OKUMA, Japan (Reuters) ? Back home for just three hours, a tearful Miyoko Takeda sorted through her belongings. She left behind the kimonos she once wore as a traditional dancer, fearful they might be contaminated by radiation.
Nearly a year has passed since a massive 9.0 magnitude earthquake hit Japan, Okuma town, but the site of the reactors at the centre of the Fukushima nuclear crisis remains off limits for residents, save for short trips to hastily abandoned homes.
The Fukushima Daiichi plant, on the coast 240 km (150 miles) northeast of Tokyo, was wrecked by the March 11 earthquake and tsunami, triggering reactor meltdowns and radiation leaks that caused mass evacuations and widespread contamination.

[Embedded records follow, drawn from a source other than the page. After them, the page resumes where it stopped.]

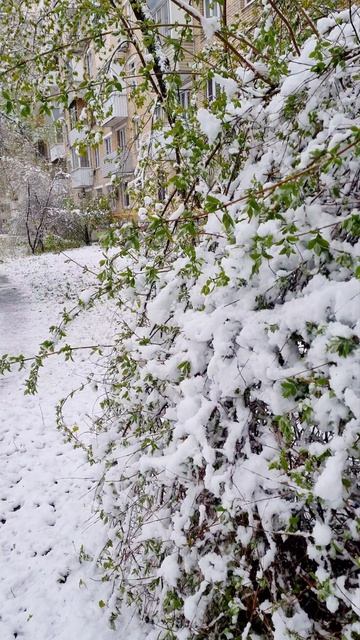 Зима вернулась в Москву 27 апреля. Весна 2026 г. Москву занесло снегом.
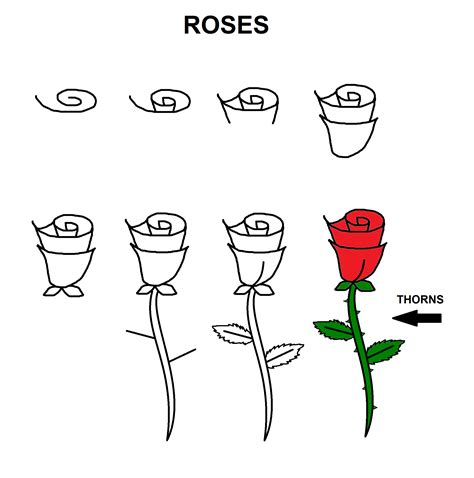 Tutorial For Drawing Simple Roses Flower Drawing Tutorials Roses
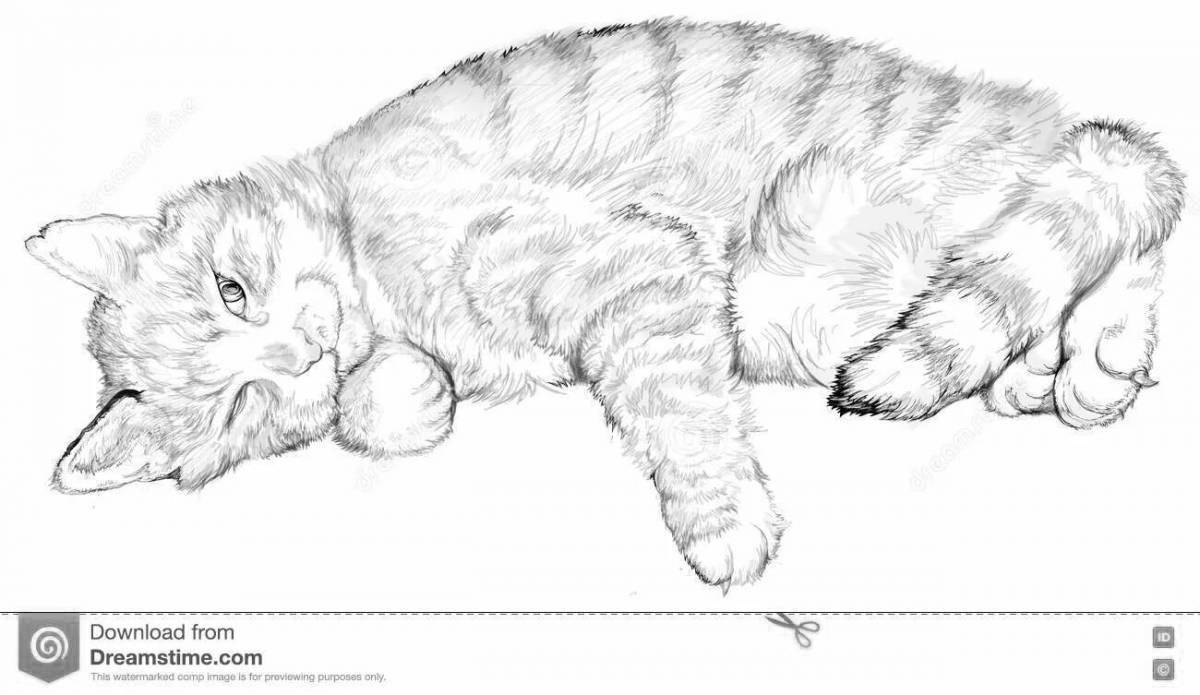 Раскраска «уютно лежащий кот»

For the about 11,000 residents of Okuma, and the nearly 80,000 people across the prefecture who have been unable to return to their homes due to high radiation, the mental scars run deep even though many of their homes are physically intact.
Many do not know when, if ever, they can return to land that has been in their families for generations.
The 74-year-old Takeda, who visited her home with her husband at the weekend to remove cabinets, said that she has been unable to properly function ever since the evacuation last March.
"I can't sleep, I can't eat, I lost 8 kilogrammes and when I went to the doctor I threw up everything I took," she said, walking through her house, less than 10 km from the plant, in a white protective suit.
On her third trip back, Takeda fought back tears as she tried on her kimonos one last time before the three-hour window to return ended and they were once again forced out of the 20-km exclusion zone in which their home lies.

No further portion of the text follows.